Participatory decision making is hard.  In this country we have a republic which at present we can barely make work.  We know little about how to make a participatory democracy work, but that is precisely what it takes if you intend to implement person-centered service planning.
Person-centered services cannot be delivered in a system run like a dictatorship.  The following is a quote from the Community Tool Box website.
“Often, the most difficult part of participatory planning is to make sure that the ‘experts’ actually listen to community people and members of the target population and take their ideas seriously. The goal isn't automatic acceptance of those ideas, but serious discussion of them, just as for the ideas of the professionals and policy makers. If the assumption is that only the professionals have something to offer, it doesn't matter who's sitting at the table - the process isn't participatory. It can be difficult, even for an outstanding facilitator, to turn this situation around.”

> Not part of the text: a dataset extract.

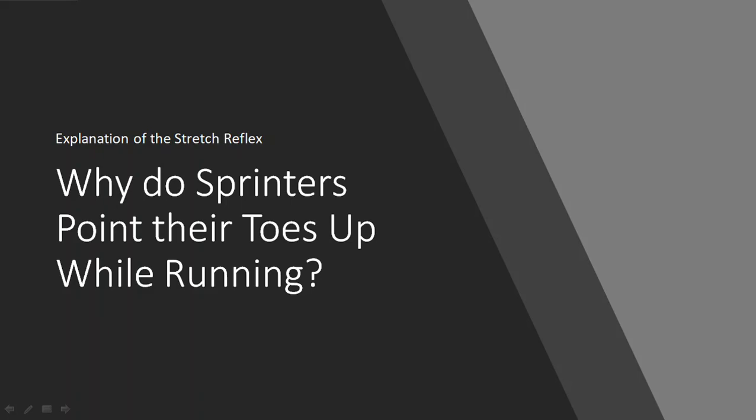Hi everyone, Petey here for Movement and Performance. In this presentation we're going to be covering why sprinters point their toes up while they're running. It's a common cue from track and field coaches, or any coaches teaching sprinting, that you want to have your toes pointed up as you're driving your knee up, or to dorsiflex your ankle. We're going to explain why this is the case and how it helps with the utilization of the stretch reflex in the Achilles tendon.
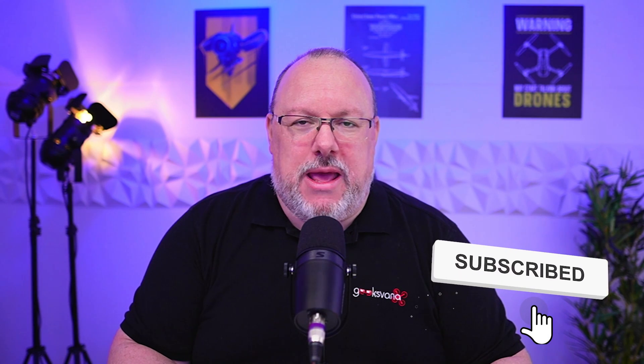Just before we get into the main video, could my regulars please hit that like button nice and early? It really does help this video and the channel generally. And if you're new here and want to see drone content related to regulations, how-to videos, and the latest news, hit subscribe and turn on the notifications bell. All right, that's the YouTuber part out of the way — last time in this video, I promise.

For a system to be able to implement a person-centered system the people on the front lines have to have the freedom to respond to the person as a human being not a billing code.  Stated needs and wishes of the person cannot be met if every service has to be pre-approved by the money people.  It sounds good to say we have a recovery person-centered system in North Carolina, but it is a lie because a provider has to get everything pre-approved.  There are other reasons it is a lie, but that is such a big one I don’t need to point out others.
As the Community Tool Box pointed out it probably doesn’t matter who the hell is at the table, but I wish North Carolina would stop saying they have a person-centered and a recovery oriented system.  As long as it is top down and not participatory in its governance it can’t and will never deliver what it is promising.